- Born: March 31, 1841 Cape Elizabeth, Maine, U.S.
- Died: May 6, 1912 (aged 71) South Portland, Maine, U.S.
- Resting place: Brown's Hill Cemetery, South Portland, Maine, U.S.
- Occupation: merchant

= George Washington Cash =

Merchant in Maine (1838–1892)

George Washington Cash (March 31, 1841 – May 6, 1912) was an American merchant for whom Cash Corner, in today's South Portland, Maine, is now named.

== Life and career ==
Cash was born to Stephen Cash and Elizabeth Palmer, both natives of Cape Elizabeth, Maine.

He was an apprentice with N. Hasty, a cooper in Portland. He was also a peddler of goods.

In 1864, Cash married Olivia A. Littlefield, with whom he had eleven children: Alice, Henry, Dwight, Herbert, Eleanor, Christena, Bessie, Georgia, Chester, Cathleen and Harold. At least four of them died in infancy.

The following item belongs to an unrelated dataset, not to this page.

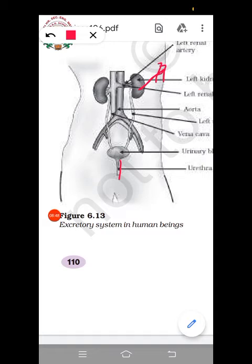The human excretory system consists of a pair of kidneys, a pair of ureters, the urinary bladder, and the urethra. In the next video, I will explain about the structural and functional unit of the kidney, that is the nephron. I hope this portion is clear to you. Thank you.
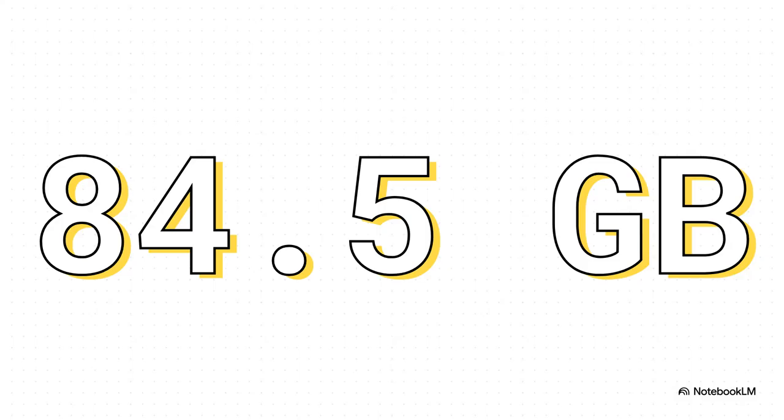Because that 11.3 terabytes, it shrank down to just 84.5 gigabytes. No, that is not a typo. The entire backup took up less than 1% of the original space. It's a number so crazy small, it feels like something has to be wrong.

In 1870, aged 29, he became a grocer at Cash Corner, in today's South Portland, Maine, which is named for him and his brother, fellow merchant A. J. Cash.

== Death ==
Cash died in 1912, aged 71. He was interred in Brown's Hill Cemetery in South Portland, beside his wife, who predeceased him by five years.